**Your task**
Since the entries below must stay intact, return each one exactly.

**Data extract**
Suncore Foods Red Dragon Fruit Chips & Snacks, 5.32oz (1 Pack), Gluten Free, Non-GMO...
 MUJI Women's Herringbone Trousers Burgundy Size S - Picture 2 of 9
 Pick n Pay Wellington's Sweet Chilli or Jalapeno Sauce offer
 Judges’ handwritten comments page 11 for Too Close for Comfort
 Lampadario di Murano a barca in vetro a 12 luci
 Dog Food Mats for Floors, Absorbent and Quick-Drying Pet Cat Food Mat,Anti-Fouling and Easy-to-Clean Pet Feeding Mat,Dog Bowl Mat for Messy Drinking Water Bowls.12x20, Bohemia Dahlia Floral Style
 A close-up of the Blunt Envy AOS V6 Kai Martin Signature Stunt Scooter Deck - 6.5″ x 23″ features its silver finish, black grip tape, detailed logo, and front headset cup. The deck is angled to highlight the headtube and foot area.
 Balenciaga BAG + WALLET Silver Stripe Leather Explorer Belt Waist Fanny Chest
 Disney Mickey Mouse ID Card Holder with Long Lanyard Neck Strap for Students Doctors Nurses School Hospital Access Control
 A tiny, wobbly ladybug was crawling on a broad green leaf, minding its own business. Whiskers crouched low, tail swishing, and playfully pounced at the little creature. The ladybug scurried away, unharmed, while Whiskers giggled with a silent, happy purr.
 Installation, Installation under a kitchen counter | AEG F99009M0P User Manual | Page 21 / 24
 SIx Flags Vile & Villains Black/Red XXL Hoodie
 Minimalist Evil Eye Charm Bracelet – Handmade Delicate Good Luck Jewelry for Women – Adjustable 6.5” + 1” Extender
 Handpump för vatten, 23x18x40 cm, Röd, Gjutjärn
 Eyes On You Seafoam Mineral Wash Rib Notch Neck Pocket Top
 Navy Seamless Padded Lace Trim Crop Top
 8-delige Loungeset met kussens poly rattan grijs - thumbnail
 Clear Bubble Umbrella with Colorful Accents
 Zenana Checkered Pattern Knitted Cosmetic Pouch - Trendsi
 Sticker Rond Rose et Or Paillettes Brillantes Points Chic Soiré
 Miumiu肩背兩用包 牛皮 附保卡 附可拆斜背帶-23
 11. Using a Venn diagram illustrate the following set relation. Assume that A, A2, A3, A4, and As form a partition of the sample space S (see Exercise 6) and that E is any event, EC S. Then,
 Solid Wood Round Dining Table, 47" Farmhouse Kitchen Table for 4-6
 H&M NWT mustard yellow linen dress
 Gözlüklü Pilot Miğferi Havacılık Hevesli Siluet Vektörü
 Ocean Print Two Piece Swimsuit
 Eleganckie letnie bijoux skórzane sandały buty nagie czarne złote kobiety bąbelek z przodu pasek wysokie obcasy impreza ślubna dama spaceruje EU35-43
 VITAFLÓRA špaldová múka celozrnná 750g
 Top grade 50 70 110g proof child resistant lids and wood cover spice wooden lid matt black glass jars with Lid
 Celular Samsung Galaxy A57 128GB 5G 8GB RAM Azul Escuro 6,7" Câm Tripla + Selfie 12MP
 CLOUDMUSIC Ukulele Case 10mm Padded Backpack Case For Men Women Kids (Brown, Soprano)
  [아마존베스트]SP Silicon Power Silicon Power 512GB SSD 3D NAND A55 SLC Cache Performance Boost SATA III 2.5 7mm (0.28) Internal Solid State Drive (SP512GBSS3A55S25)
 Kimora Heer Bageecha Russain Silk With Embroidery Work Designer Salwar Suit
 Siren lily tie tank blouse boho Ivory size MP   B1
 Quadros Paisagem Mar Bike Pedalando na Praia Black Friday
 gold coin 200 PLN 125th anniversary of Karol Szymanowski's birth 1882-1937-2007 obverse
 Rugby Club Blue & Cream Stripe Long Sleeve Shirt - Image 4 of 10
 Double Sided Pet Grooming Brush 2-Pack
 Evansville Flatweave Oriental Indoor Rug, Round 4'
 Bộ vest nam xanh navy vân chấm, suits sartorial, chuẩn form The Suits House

**Result**
Suncore Foods Red Dragon Fruit Chips & Snacks, 5.32oz (1 Pack), Gluten Free, Non-GMO...
 MUJI Women's Herringbone Trousers Burgundy Size S - Picture 2 of 9
 Pick n Pay Wellington's Sweet Chilli or Jalapeno Sauce offer
 Judges’ handwritten comments page 11 for Too Close for Comfort
 Lampadario di Murano a barca in vetro a 12 luci
 Dog Food Mats for Floors, Absorbent and Quick-Drying Pet Cat Food Mat,Anti-Fouling and Easy-to-Clean Pet Feeding Mat,Dog Bowl Mat for Messy Drinking Water Bowls.12x20, Bohemia Dahlia Floral Style
 A close-up of the Blunt Envy AOS V6 Kai Martin Signature Stunt Scooter Deck - 6.5″ x 23″ features its silver finish, black grip tape, detailed logo, and front headset cup. The deck is angled to highlight the headtube and foot area.
 Balenciaga BAG + WALLET Silver Stripe Leather Explorer Belt Waist Fanny Chest
 Disney Mickey Mouse ID Card Holder with Long Lanyard Neck Strap for Students Doctors Nurses School Hospital Access Control
 A tiny, wobbly ladybug was crawling on a broad green leaf, minding its own business. Whiskers crouched low, tail swishing, and playfully pounced at the little creature. The ladybug scurried away, unharmed, while Whiskers giggled with a silent, happy purr.
 Installation, Installation under a kitchen counter | AEG F99009M0P User Manual | Page 21 / 24
 SIx Flags Vile & Villains Black/Red XXL Hoodie
 Minimalist Evil Eye Charm Bracelet – Handmade Delicate Good Luck Jewelry for Women – Adjustable 6.5” + 1” Extender
 Handpump för vatten, 23x18x40 cm, Röd, Gjutjärn
 Eyes On You Seafoam Mineral Wash Rib Notch Neck Pocket Top
 Navy Seamless Padded Lace Trim Crop Top
 8-delige Loungeset met kussens poly rattan grijs - thumbnail
 Clear Bubble Umbrella with Colorful Accents
 Zenana Checkered Pattern Knitted Cosmetic Pouch - Trendsi
 Sticker Rond Rose et Or Paillettes Brillantes Points Chic Soiré
 Miumiu肩背兩用包 牛皮 附保卡 附可拆斜背帶-23
 11. Using a Venn diagram illustrate the following set relation. Assume that A, A2, A3, A4, and As form a partition of the sample space S (see Exercise 6) and that E is any event, EC S. Then,
 Solid Wood Round Dining Table, 47" Farmhouse Kitchen Table for 4-6
 H&M NWT mustard yellow linen dress
 Gözlüklü Pilot Miğferi Havacılık Hevesli Siluet Vektörü
 Ocean Print Two Piece Swimsuit
 Eleganckie letnie bijoux skórzane sandały buty nagie czarne złote kobiety bąbelek z przodu pasek wysokie obcasy impreza ślubna dama spaceruje EU35-43
 VITAFLÓRA špaldová múka celozrnná 750g
 Top grade 50 70 110g proof child resistant lids and wood cover spice wooden lid matt black glass jars with Lid
 Celular Samsung Galaxy A57 128GB 5G 8GB RAM Azul Escuro 6,7" Câm Tripla + Selfie 12MP
 CLOUDMUSIC Ukulele Case 10mm Padded Backpack Case For Men Women Kids (Brown, Soprano)
  [아마존베스트]SP Silicon Power Silicon Power 512GB SSD 3D NAND A55 SLC Cache Performance Boost SATA III 2.5 7mm (0.28) Internal Solid State Drive (SP512GBSS3A55S25)
 Kimora Heer Bageecha Russain Silk With Embroidery Work Designer Salwar Suit
 Siren lily tie tank blouse boho Ivory size MP   B1
 Quadros Paisagem Mar Bike Pedalando na Praia Black Friday
 gold coin 200 PLN 125th anniversary of Karol Szymanowski's birth 1882-1937-2007 obverse
 Rugby Club Blue & Cream Stripe Long Sleeve Shirt - Image 4 of 10
 Double Sided Pet Grooming Brush 2-Pack
 Evansville Flatweave Oriental Indoor Rug, Round 4'
 Bộ vest nam xanh navy vân chấm, suits sartorial, chuẩn form The Suits House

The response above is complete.